Over the second ridge turn right up Deer Flats Road . . .
last driveway on the left.’
He looked at her, bemused, as if this needed an explanation.
Susan Mary smiled. 'You’re not the first person to ask.’
44
adorablejoker: what are you doing here? templedog: waiting for you aj: don’t fucking lie
I wasn’t lying I was at the office, checking my e-mails before
going into a meeting. All right, I’d only logged on a few
moments earlier. But lately I’d taken to loitering online in the
hope of bumping into her, tormenting myself with the idea
that, though invisible to me, she was there, talking to someone
else.
Then I saw the little grey face beside her screen-name light
up and any negative or jealous feelings I might have had
instantly evaporated; it was as if the sun had burst out from
behind the clouds. Was it just a chance meeting? Jelly insisted
she’d deleted me, taken my name off her buddy list, and so
had no way of telling when I was online, but I had my doubts.

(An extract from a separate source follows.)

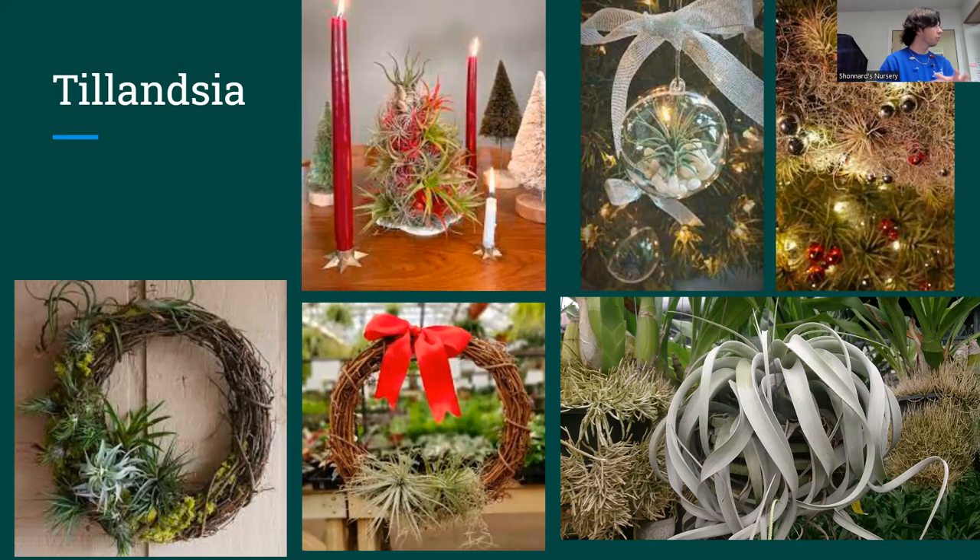African violets and Streptocarpus — that really pretty purple and yellow flower on the end of the table — are in the African violet family. I think they're pet safe, but I will confirm. Same care as African violets: keep them evenly moist, bright light for flowering, and fertilizer for flowering. They make great gifts because the flowers are super nice and showy. They've been a hot ticket item this weekend — a lot of people have been all over them.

I think she’d seen that I was there and had chosen the 'I’m
available’ option.
She wanted to get in touch.
td: where are you?
aj: at the beach staying with friends
td: I thought you hated the ocean… your friends in Westhampton, right?
aj: at least it’s cooler out here than Brooklyn
aj: hey, guess what? i bought this outfit for a party tonight and omg, it has the
cutest top. it’s a V-neck and a gold kinda color… now i just have to find a pair
of shoes to go with it and…
td: I’m sure you’ll be the belle of the ball
I glanced over the top of the screen through the door of my
office into the conference room where the team had gathered.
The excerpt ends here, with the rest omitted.